Berita

Pukat UGM Kecewa KPK Hentikan Kasus Tambang Rp 2,7 T, Minta Evaluasi Internal

Advertisement

Pusat Kajian Antikorupsi Universitas Gadjah Mada (Pukat UGM) menyayangkan keputusan Komisi Pemberantasan Korupsi (KPK) yang menghentikan penyidikan kasus dugaan korupsi izin tambang di Konawe Utara. Penghentian kasus yang merugikan negara hingga Rp 2,7 triliun ini dinilai sebagai catatan buruk bagi lembaga antirasuah tersebut.

Peneliti Pukat UGM, Zaenur Rohman, menyatakan bahwa sejak didirikan, KPK selalu berhati-hati dalam menetapkan sebuah perkara hingga tahap penyidikan. Namun, penerbitan Surat Perintah Penghentian Penyidikan (SP3) kali ini dianggap mencederai prinsip tersebut.

“Ini merupakan satu catatan prestasi buruk bagi KPK ketika KPK mengeluarkan SP3 dari zaman KPK didirikan itu KPK selalu selektif menetapkan sebuah perkara sampai di tahap penyidikan,” kata Zaenur kepada wartawan, Minggu (28/12/2025).

Zaenur menekankan bahwa penghentian kasus ini seharusnya menjadi momentum evaluasi bagi KPK. Ia mendorong agar KPK lebih ketat dalam menetapkan tersangka, memastikan adanya alat bukti yang kuat sebelum mengambil langkah tersebut.

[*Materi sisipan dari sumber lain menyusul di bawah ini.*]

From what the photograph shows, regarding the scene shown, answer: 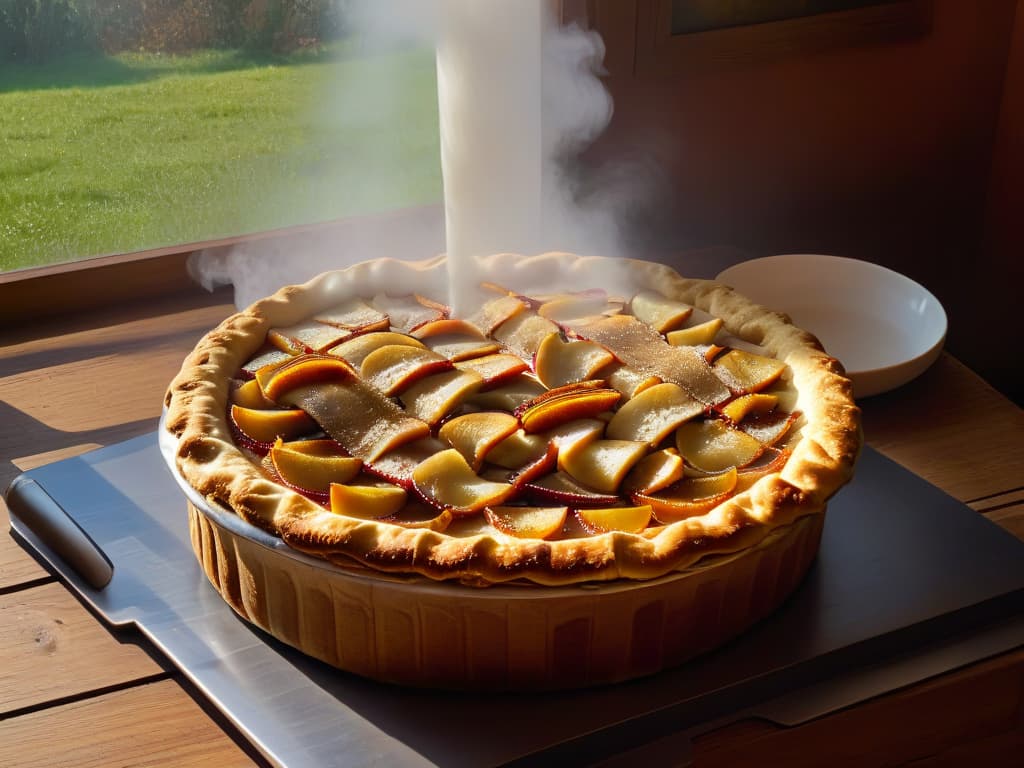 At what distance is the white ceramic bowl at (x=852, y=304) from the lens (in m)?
1.72

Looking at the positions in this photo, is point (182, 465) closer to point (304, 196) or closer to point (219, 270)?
point (219, 270)

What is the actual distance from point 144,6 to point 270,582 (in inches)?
93.8

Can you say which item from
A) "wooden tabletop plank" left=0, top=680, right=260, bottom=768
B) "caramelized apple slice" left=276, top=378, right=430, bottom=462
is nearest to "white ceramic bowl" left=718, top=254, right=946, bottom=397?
"caramelized apple slice" left=276, top=378, right=430, bottom=462

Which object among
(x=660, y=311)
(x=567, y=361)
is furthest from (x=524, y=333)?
(x=660, y=311)

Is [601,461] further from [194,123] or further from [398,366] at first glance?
[194,123]

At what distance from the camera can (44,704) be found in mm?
1103

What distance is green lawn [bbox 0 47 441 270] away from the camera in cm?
290

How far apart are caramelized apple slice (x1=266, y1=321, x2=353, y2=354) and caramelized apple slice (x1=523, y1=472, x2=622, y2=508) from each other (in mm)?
422

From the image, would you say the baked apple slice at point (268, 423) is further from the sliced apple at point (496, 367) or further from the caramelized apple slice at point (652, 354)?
the caramelized apple slice at point (652, 354)

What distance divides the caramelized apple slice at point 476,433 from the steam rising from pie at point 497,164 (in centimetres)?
40

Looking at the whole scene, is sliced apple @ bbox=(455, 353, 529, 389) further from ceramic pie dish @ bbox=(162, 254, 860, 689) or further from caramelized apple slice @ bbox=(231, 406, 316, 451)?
caramelized apple slice @ bbox=(231, 406, 316, 451)

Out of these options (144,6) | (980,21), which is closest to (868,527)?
(980,21)

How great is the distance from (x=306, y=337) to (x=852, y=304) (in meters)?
0.95

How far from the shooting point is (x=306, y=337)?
58.6 inches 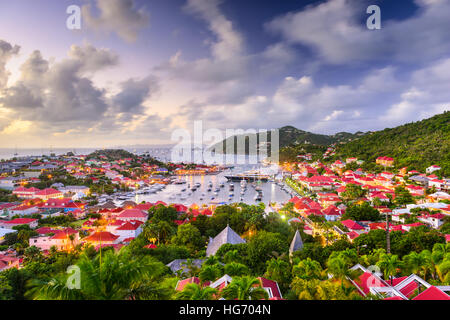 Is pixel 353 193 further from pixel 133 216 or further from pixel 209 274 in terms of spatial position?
pixel 209 274

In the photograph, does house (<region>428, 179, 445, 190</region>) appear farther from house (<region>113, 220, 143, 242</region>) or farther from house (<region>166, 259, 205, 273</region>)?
house (<region>113, 220, 143, 242</region>)

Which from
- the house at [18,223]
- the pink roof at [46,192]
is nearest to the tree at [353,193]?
the house at [18,223]

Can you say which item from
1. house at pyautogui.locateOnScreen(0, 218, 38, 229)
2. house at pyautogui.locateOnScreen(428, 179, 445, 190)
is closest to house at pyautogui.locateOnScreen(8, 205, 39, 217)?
house at pyautogui.locateOnScreen(0, 218, 38, 229)

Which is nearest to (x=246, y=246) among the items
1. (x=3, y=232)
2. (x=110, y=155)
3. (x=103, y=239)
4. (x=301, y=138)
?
(x=103, y=239)

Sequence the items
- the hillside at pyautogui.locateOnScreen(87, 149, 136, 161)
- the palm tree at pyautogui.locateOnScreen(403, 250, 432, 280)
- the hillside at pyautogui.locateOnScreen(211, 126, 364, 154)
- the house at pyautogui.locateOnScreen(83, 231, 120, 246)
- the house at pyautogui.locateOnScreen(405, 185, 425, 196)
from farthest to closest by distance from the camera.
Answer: the hillside at pyautogui.locateOnScreen(211, 126, 364, 154), the hillside at pyautogui.locateOnScreen(87, 149, 136, 161), the house at pyautogui.locateOnScreen(405, 185, 425, 196), the house at pyautogui.locateOnScreen(83, 231, 120, 246), the palm tree at pyautogui.locateOnScreen(403, 250, 432, 280)

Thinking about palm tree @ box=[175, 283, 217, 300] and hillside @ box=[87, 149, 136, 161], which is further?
hillside @ box=[87, 149, 136, 161]

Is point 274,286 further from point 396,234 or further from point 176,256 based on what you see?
point 396,234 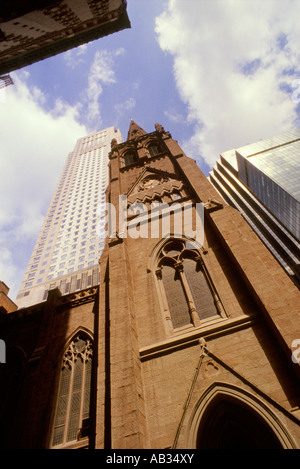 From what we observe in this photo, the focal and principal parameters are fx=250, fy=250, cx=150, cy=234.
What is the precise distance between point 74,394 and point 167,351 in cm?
355

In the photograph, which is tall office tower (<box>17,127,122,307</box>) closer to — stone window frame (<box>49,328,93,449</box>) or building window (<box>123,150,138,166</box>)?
building window (<box>123,150,138,166</box>)

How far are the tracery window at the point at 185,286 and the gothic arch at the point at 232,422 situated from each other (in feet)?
7.13

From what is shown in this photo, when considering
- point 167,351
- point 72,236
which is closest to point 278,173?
point 72,236

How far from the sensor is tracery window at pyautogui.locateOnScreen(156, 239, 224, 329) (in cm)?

“Apapun ini cerita ini harus menjadi evaluasi bagi KPK ya agar KPK yang pertama harus jauh lebih ketat ketika menetapkan seseorang sebagai tersangka,” ujarnya.

Lebih lanjut, Zaenur mengingatkan KPK untuk tidak menangani perkara secara berlarut-larut dan segera menyelesaikan kasus-kasus yang tertunda demi kepastian hukum.

“KPK itu harus melakukan evaluasi penanganan setiap perkara ketika perkara itu sudah ulang tahun KPK tidak boleh menangani perkara berlarut-marut harus ada evaluasi agar setiap perkara benar-benar diselesaikan tepat waktu tidak berlarut-larut dijamin kepastian hukum,” tegasnya.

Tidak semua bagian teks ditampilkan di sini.